I’m a big fan of a website called GIRLS ARE PRETTY. Today I talked to my lawyer, and was instantly setting the conversation into something that fit right into that website. But I don’t have that guys’ website. I only have this steaming heap. So, without further ado, I give you:
HAPPY YOU GOT REAR-ENDED ON YOUR MOTORCYCLE, BROKE YOUR PELVIS, AND RECEIVED A SWIFT KICK TO THE GROIN AS COMPENSATION FOR IT DAY!!!
Today is another day, much like many others before, and many that will come after. Until that is, your lawyer calls you with some good news. The insurance company of the man that rear-ended and nearly killed you last year is ready to settle. “It’s been a quick thirteen months.” you will think to your self as you field the call.
And it has.
Pain medication and heavy drinking can make the time just fly right by.
“So, do we have a proposed number?” you will ask, thinking to your self of all the things you could buy with the small fortune you are about to receive. After all, not only did the crash total out your beloved motorcycle and break your pelvis. It stole a piece of your soul. And souls are not cheap my friend. You’re thinking a small island with your own private Navy and Air-Force would make you feel better.
“Yes, we have a number. They have proposed twelve dollars.” your lawyer will say, as he tries to find a good place to mention that his cut is four dollars of that.
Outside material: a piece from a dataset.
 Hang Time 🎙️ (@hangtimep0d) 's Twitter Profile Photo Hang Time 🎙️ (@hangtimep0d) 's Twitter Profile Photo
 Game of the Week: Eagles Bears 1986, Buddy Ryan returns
“Twelve Million?” you will ask, even though you already know you are going to get eight dollars. Eight dollars to most is a lot of money. That could buy lunch at McDonalds for you and a friend (assuming your friend doesn’t want a drink and fries). But to you, it’s a paltry sum, as you owe over $15,000 just in medical bills and bike payments.
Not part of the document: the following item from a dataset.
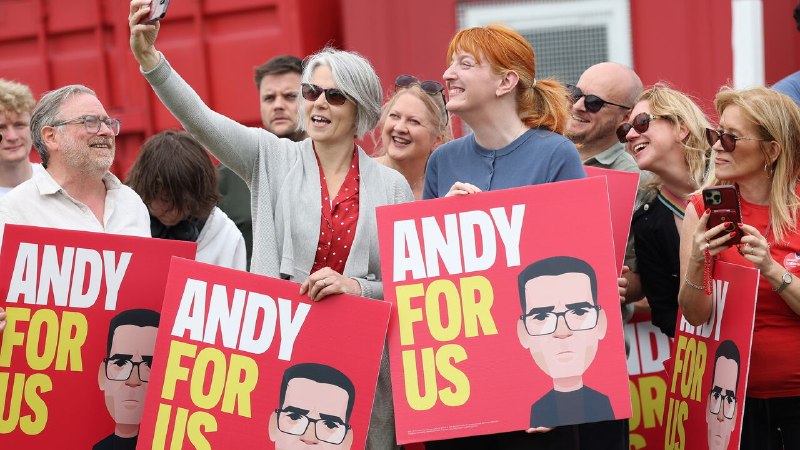 How Britain’s new prime minister can revive Labour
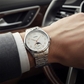 Reloj Casio Moonphase MTP-M110D-7AV Hombre - Análogo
“Oh, the insurance company had one other thing offered in the settlement.” The lawyer will say after you go to his office and sign the paperwork. “They wanted to give you a swift kick in the groin, as a sign of good faith.”
“I see. Do you get a third of that kick in the groin too?” you will ask, as the crushing feeling of being defeated settles down upon you and your balls. “Yes,” your lawyer replies, “my third of this good faith agreement is being the one who kicks you in the nuts. So, how do you want it? Donkey-Punch style from behind? Or School-Yard style from in front. I charge the same for both”.
You weigh your options carefully, and then with a courage that only a man that lived through a horrific accident could muster, you say “Donkey-Punch, and make it a good one.”
You then take your eight dollars and buy an ice pack for your nuts, and a six pack of beer for your ego.
HAPPY YOU GOT REAR-ENDED ON YOUR MOTORCYCLE, BROKE YOUR PELVIS, AND RECEIVED A SWIFT KICK TO THE GROIN AS COMPENSATION FOR IT DAY!!!